You are viewing a plain text version of this content. The canonical link for it is here.
Posted to user@accumulo.apache.org by z11373 <z1...@outlook.com> on 2015/06/10 19:53:37 UTC

question on AgeOffFilter

Hi,
I have questions on using AgeOffFilter. Earlier I ran following:

root@dev> createtable testiter
root@dev testiter> insert 1 cf col1 foo
root@dev testiter> scan
1 cf:col1 []    foo

Then two hours later, I ran:

root@dev testiter> setiter -ageoff -t testiter -p 15 -minc
AgeOffFilter removes entries with timestamps more than <ttl> milliseconds
old
----------> set AgeOffFilter parameter negate, default false keeps k/v that
pass accept method, true rejects k/v that pass accept method:
----------> set AgeOffFilter parameter ttl, time to live (milliseconds):
30000
----------> set AgeOffFilter parameter currentTime, if set, use the given
value as the absolute time in milliseconds as the current time of day:

root@dev testiter> scan
1 cf:col1 []    foo

root@dev testiter> flush -w
2015-06-10 17:10:12,124 [shell.Shell] INFO : Flush of table testiter
completed.

root@dev testiter> scan
1 cf:col1 []    foo

*First question*, why that key/value still exists? I'd think since I set the
TTL to 30 seconds, and that key/value has been created more than 2 hours
ago, so it should be gone after table flush (minc)?

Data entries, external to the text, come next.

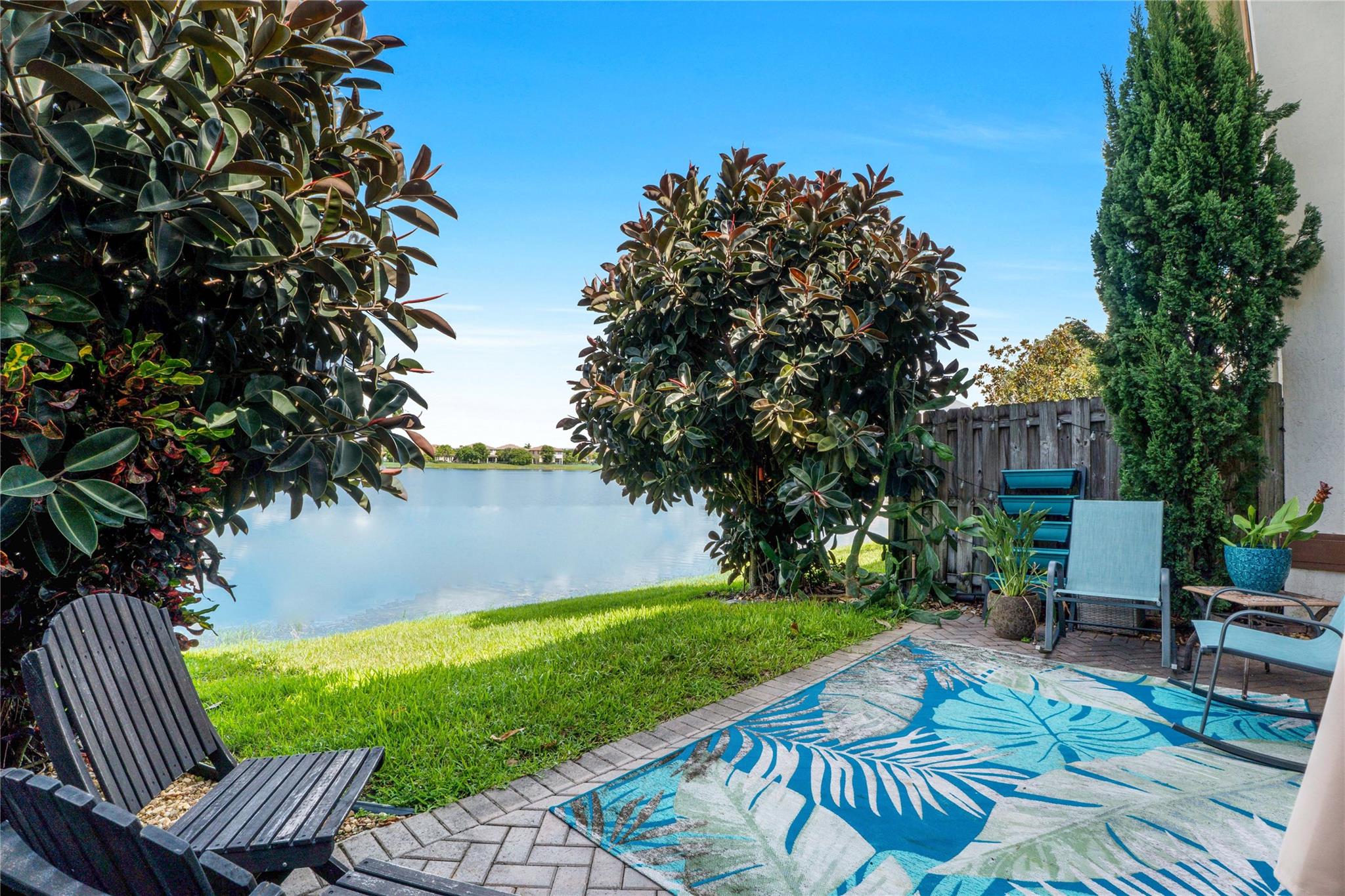 TOWN PARC AT MIRA LAGO - Residential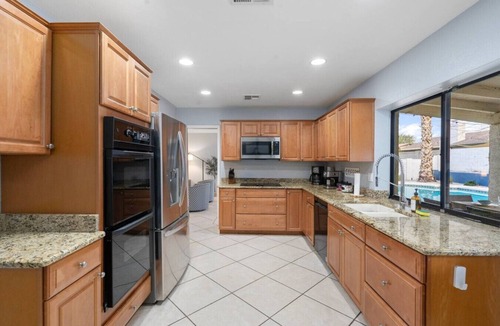 Paradise Valley Village House | 5BR w/4 Kings Pool Fire Pit BBQ Grill Yard Games
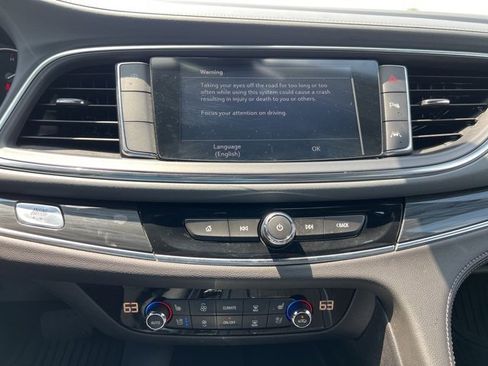 Used 2024 Buick Enclave Premium image 16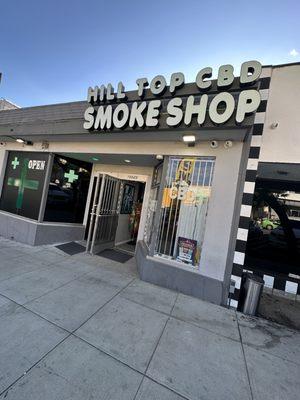 Smoke shop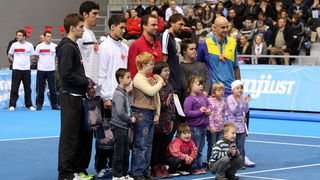 Osijek, 091210.
U osjeckoj dvorani Gradski vrt odigrat ce se humanitarni teniski spektakl, odnosno dvoboj Gorana Ivanisevica i Ivana Ljubicica. Cilj cijele manifestacije je humanitarnog karaktera. Prikupljena sredstva ici ce za pomoc pri lijecenju hrvats Osijek, 091210.
U osjeckoj dvorani Gradski vrt odigrat ce se humanitarni teniski spektakl, odnosno dvoboj Gorana Ivanisevica i Ivana Ljubicica. Cilj cijele manifestacije je humanitarnog karaktera. Prikupljena sredstva ici ce za pomoc pri lijecenju hrvats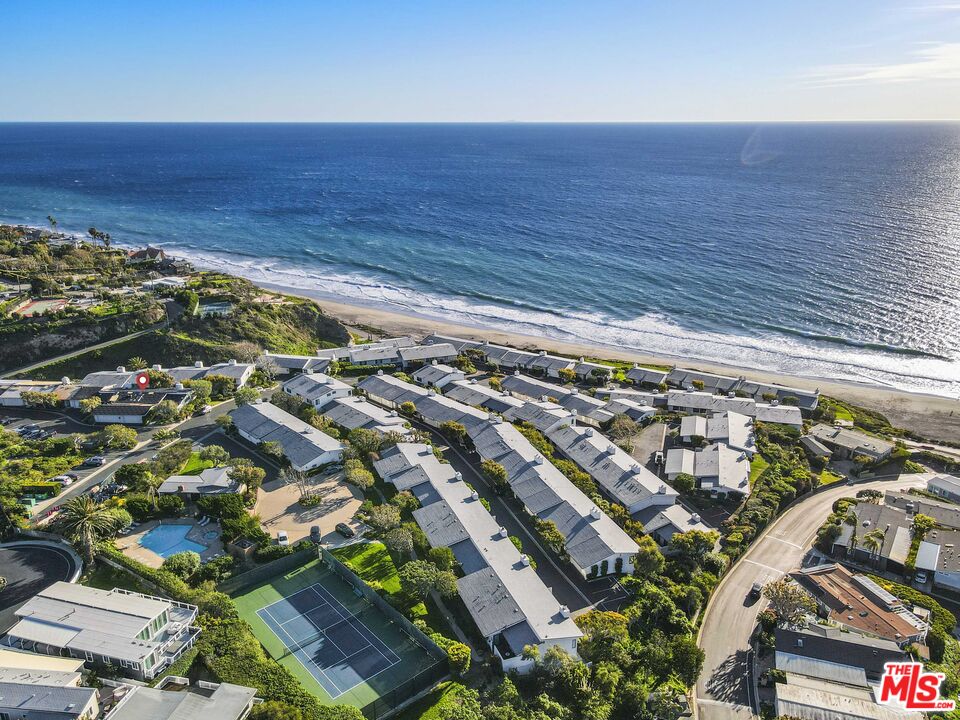 6801 Seawatch Lane Malibu, CA 90265 - Photo 23 of 28 view of an ocean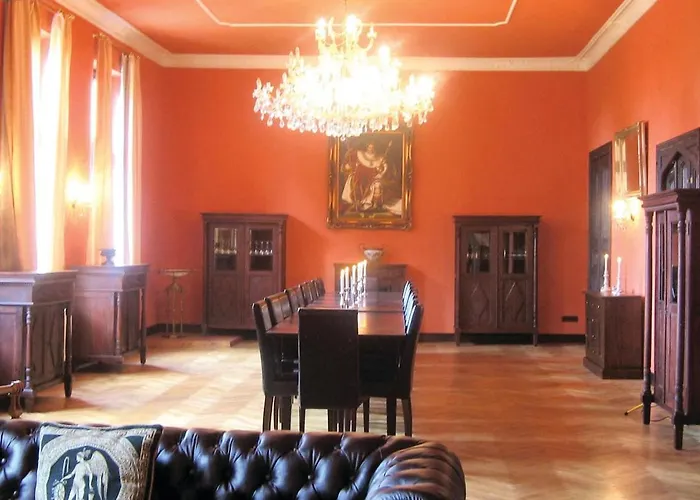 Schloss Poggelow Casa de Férias *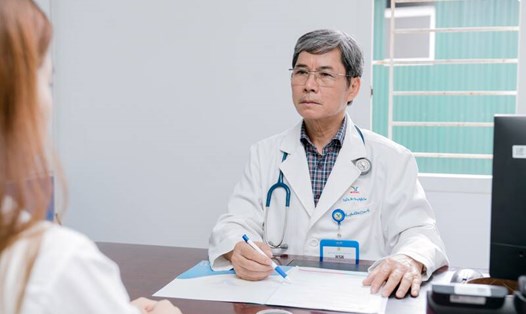 Bác sĩ Ngô Chí Cương tư vấn dinh dưỡng cho bệnh nhân sau Tết. Ảnh: BVCC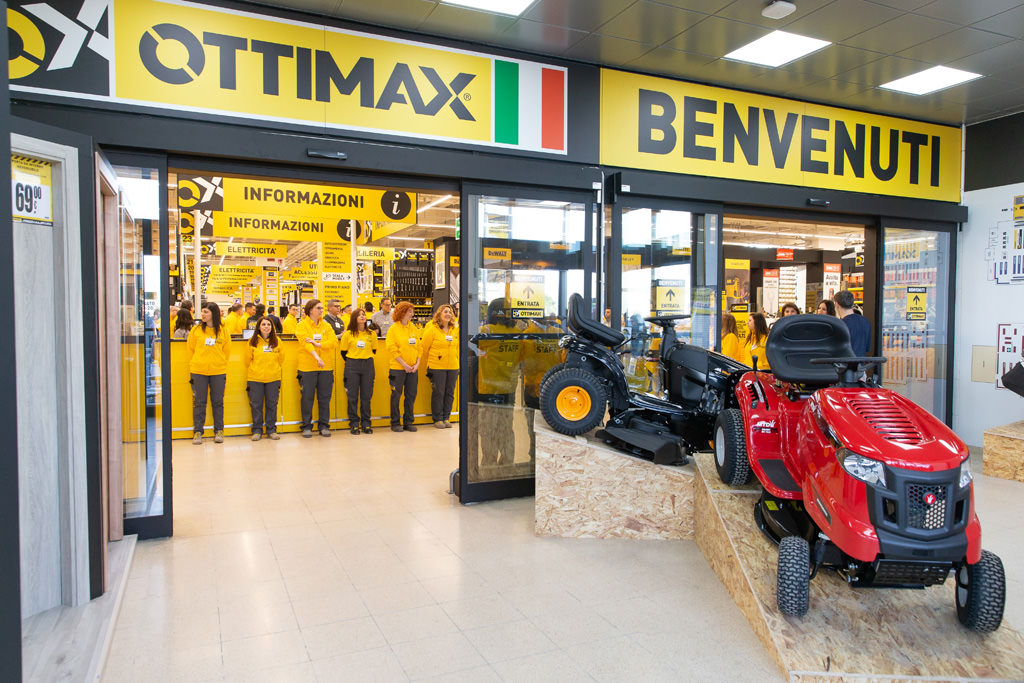 Fotografo Evento Milano Ottimax San Giuliano Milanese Uno scatto dell'ingresso del nuovo negozio Ottimax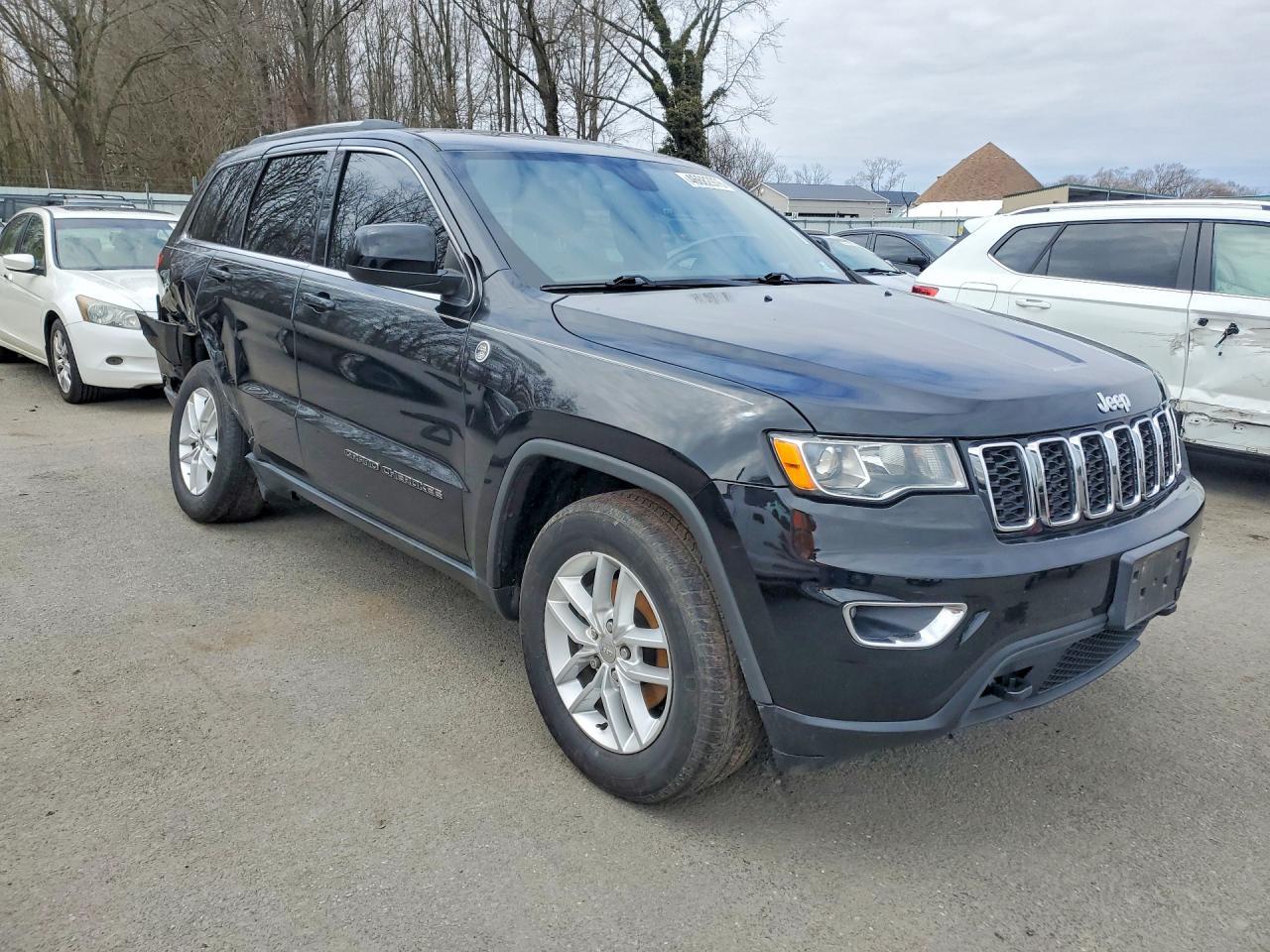 2017 Jeep Grand Cherokee Laredo - zdjęcie 4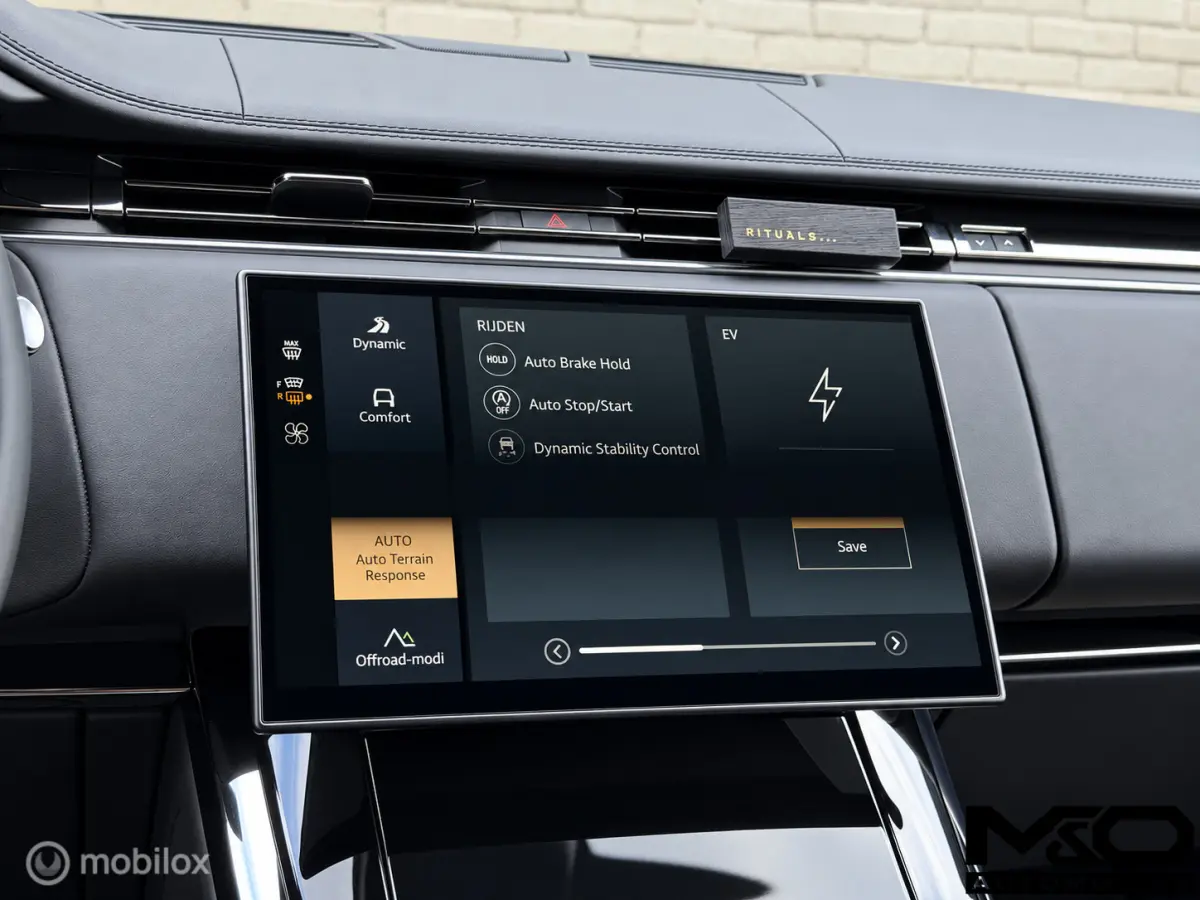 3.0 P550e Autobiography|BTW|23”| PANO|KOELBOX|ALCANTARA|MASSAGE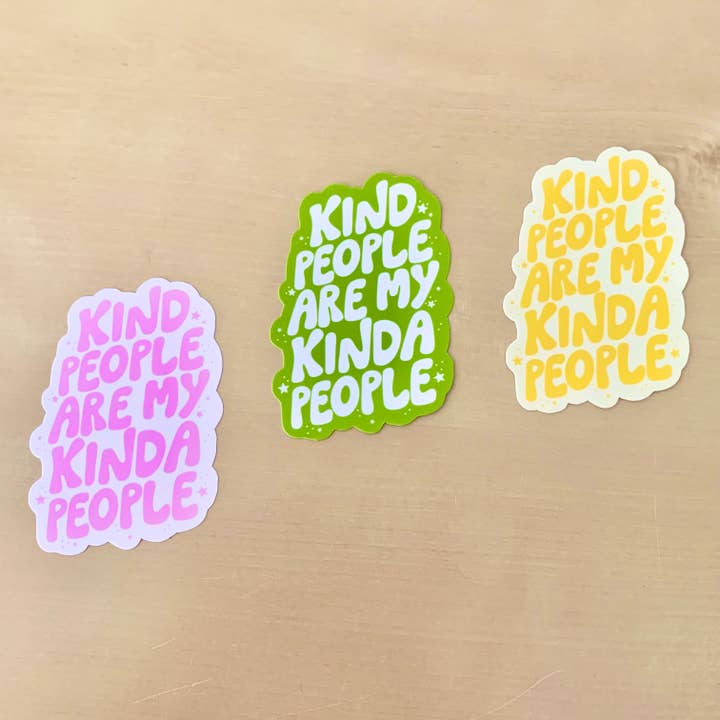 Adesivi con citazione «Kind People Are My Kinda per la vendita all'ingrosso da parte di Happyish Brand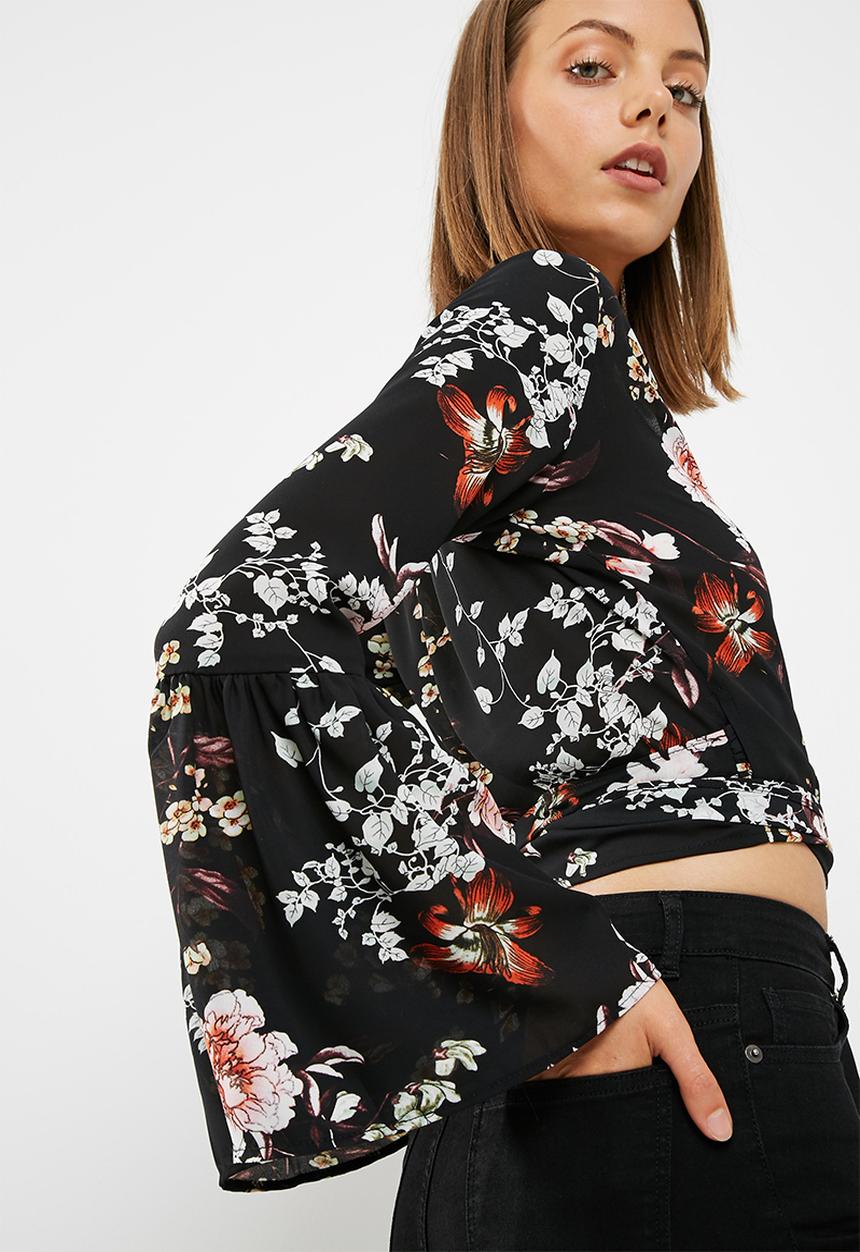 dailyfriday - Bell sleeve wrap top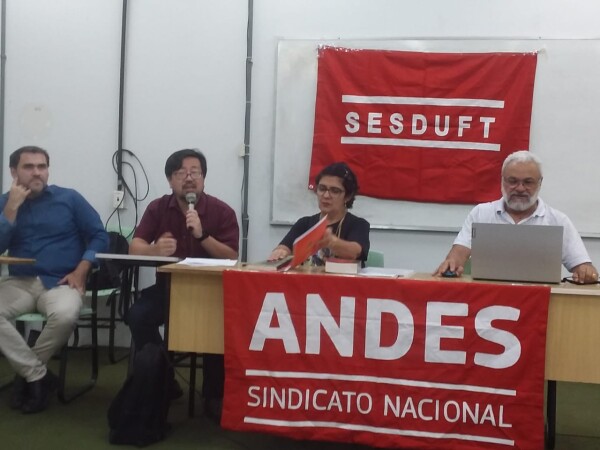 APUG COMEMORA 35 ANOS DE EXISTÊNCIA PARTICIPANDO DE DEBATE SOBRE A IMPORTÂNCIA DO SINDICATO NA EDUCAÇÃO SUPERIOR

Then later I did following:

root@dev testiter> insert 2 cf col1 bar
root@dev testiter> scan
1 cf:col1 []    foo
2 cf:col1 []    bar

Wait for more than 30 seconds, then ran:

root@dev testiter> flush -w
2015-06-10 17:16:38,903 [shell.Shell] INFO : Flush of table testiter
completed.
root@dev testiter> scan
1 cf:col1 []    foo

This is correct as the second key/value pair no longer exist, but why the
first one still there?

*Second question*, I still don't fully understand the currentTime argument.
Since I didn't specify any long value (when being prompted), I'd assume it
took current time when I set the iterator, is it true? I am not sure because
if that is the case then key/value items inserted later won't get aged off
since they will have later timestamp than that value set by iterator. This
is also not true as shown in my example above (which second item was gone).
I hope someone can enlighten me on this.

*Third question*, which is kind of related to 2nd question. If I want to
have data in a table retained for 6 months, i.e. if compaction runs
everyday, then all key/value items with timestamp six months older than that
day will be gone, how can I achieve this? I guess that AgeOffFilter is the
right way to do, but the results from #1 and #2 above are confusing me, and
think it doesn't work as I wanted to.


Thanks,
Z



--
View this message in context: http://apache-accumulo.1065345.n5.nabble.com/question-on-AgeOffFilter-tp14386.html
Sent from the Users mailing list archive at Nabble.com.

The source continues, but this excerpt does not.